Besondere Verfahrensvorschriften bestehen im BauGB für Erlass, Änderung und Aufhebung eines Bebauungsplans, der gemäß § 10 BauGB als Satzung zu beschließen ist (s. unten Rn 898 ff).

2. Publikation

223

Satzungen sind öffentlich bekanntzumachen. Sie treten, wenn kein anderer Zeitpunkt bestimmt ist, mit dem Tage nach der Bekanntmachung (vgl § 5 IV 4 m.v.KVerf.; § 7 IV 2 GO NRW) bzw eine Woche (Art. 26 I 1 bay.GO) oder 14 Tage (§ 10 III NKomVG) nach ihrer Bekanntmachung in Kraft. Regelmäßig wird durch Rechtsverordnung des Innenministeriums festgelegt, welche Verfahrens- oder Formvorschriften bei der öffentlichen Bekanntmachung von Satzungen einzuhalten sind[10]. Üblicherweise muss die Satzung durch datierte Unterschrift des hierzu befugten Organs (Bürgermeister) ausgefertigt[11] und sodann in vollem Wortlaut in der vorgeschriebenen Form, dh in einem kommunalen Amtsblatt[12], in einer oder mehreren Tageszeitungen[13], sonstigen ortsüblichen Bekanntmachungsblättern[14] oder durch Bekanntmachungstafeln, öffentlich bekannt gemacht werden.
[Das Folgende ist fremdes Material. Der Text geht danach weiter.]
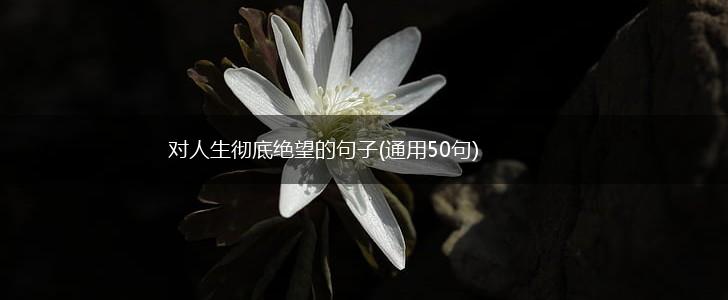 对人生彻底绝望的句子(通用50句),第1张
Mit Inkrafttreten des NKomVG ist den Kommunen in Niedersachsen zusätzlich die Möglichkeit eröffnet worden, ihre Rechtsvorschriften auch im Internet rechtswirksam zu verkünden, vgl § 11 III, V NKomVG.

3. Aufsichtsbehördliche Genehmigung

224

Kommunale Satzungen bedürfen zum Teil der aufsichtsbehördlichen Genehmigung, in der Regel jedoch nur dann, wenn dies gesetzlich ausdrücklich vorgeschrieben ist (vgl § 5 IV 5 m.v.KVerf.; § 176 I NKomVG; § 7 I 2 GO NRW). Das ist etwa bei Bebauungsplänen (§ 10 II BauGB) oder kommunalen Steuersatzungen (Art. 2 III bay.KAG; § 2 II KAG NRW) der Fall.

Eine notwendige Genehmigung ist Wirksamkeitsvoraussetzung für die Satzung[15] (so ausdr. § 176 I 1 NKomVG). Im Falle ihrer Versagung kann sie als Verwaltungsakt[16] von der betroffenen Kommune im Wege der Verpflichtungsklage erstritten werden; Dritte haben gegen Erteilung oder Versagung einer solchen Genehmigung als einer Maßnahme der vorbeugenden Kommunalaufsicht[17] hingegen keine Rechtsschutzmöglichkeit[18].